Task input ▸
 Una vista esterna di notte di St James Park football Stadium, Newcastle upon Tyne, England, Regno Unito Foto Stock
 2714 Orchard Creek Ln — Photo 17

--

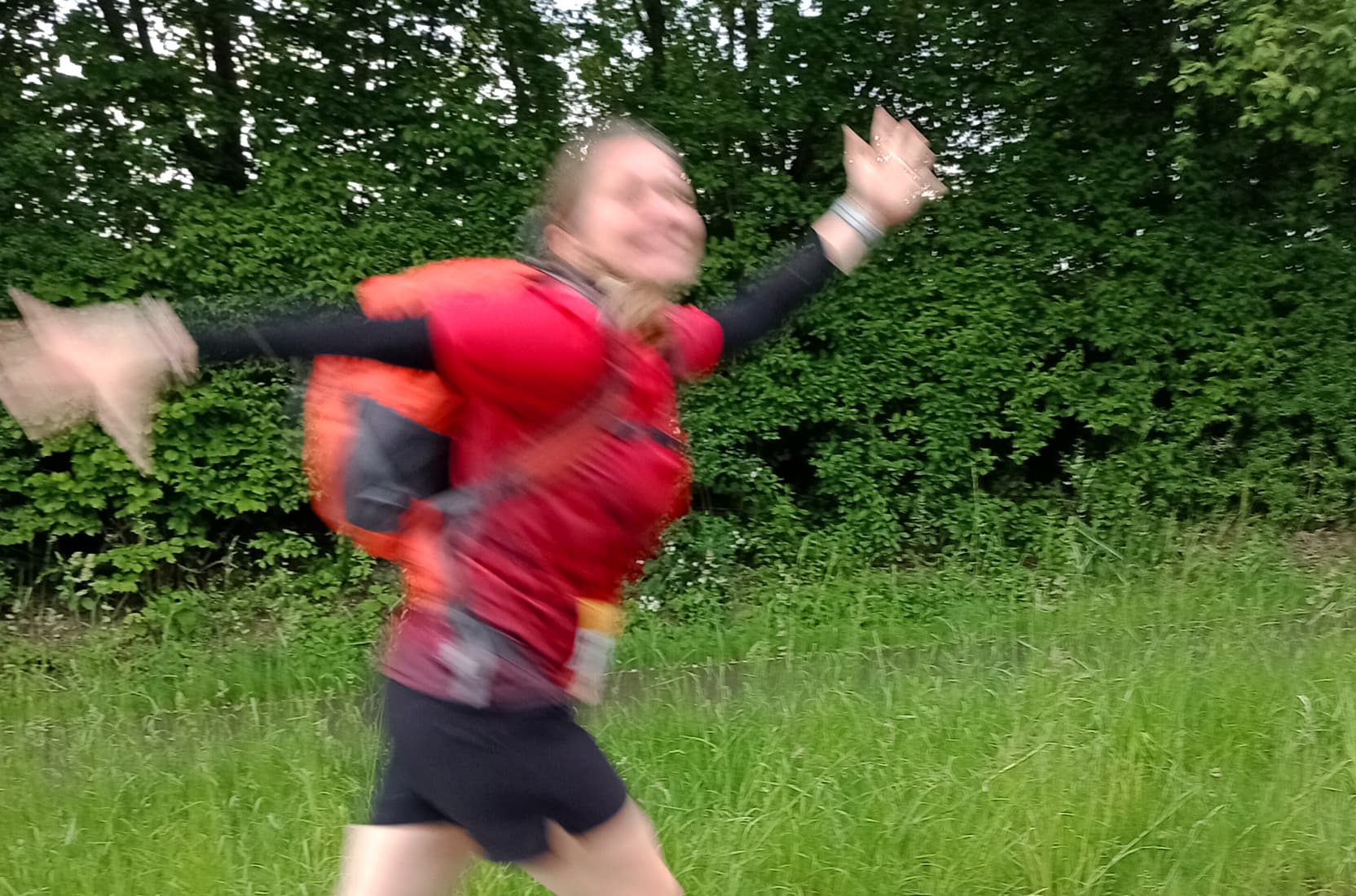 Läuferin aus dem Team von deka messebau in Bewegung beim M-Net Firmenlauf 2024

Task ▸
Write out exactly the lines above between the line with "Una vista esterna" and the line with "2714 Orchard Creek Ln — Photo 17", inclusive, and nothing beyond them.

Solution below ▸
 Una vista esterna di notte di St James Park football Stadium, Newcastle upon Tyne, England, Regno Unito Foto Stock
 2714 Orchard Creek Ln — Photo 17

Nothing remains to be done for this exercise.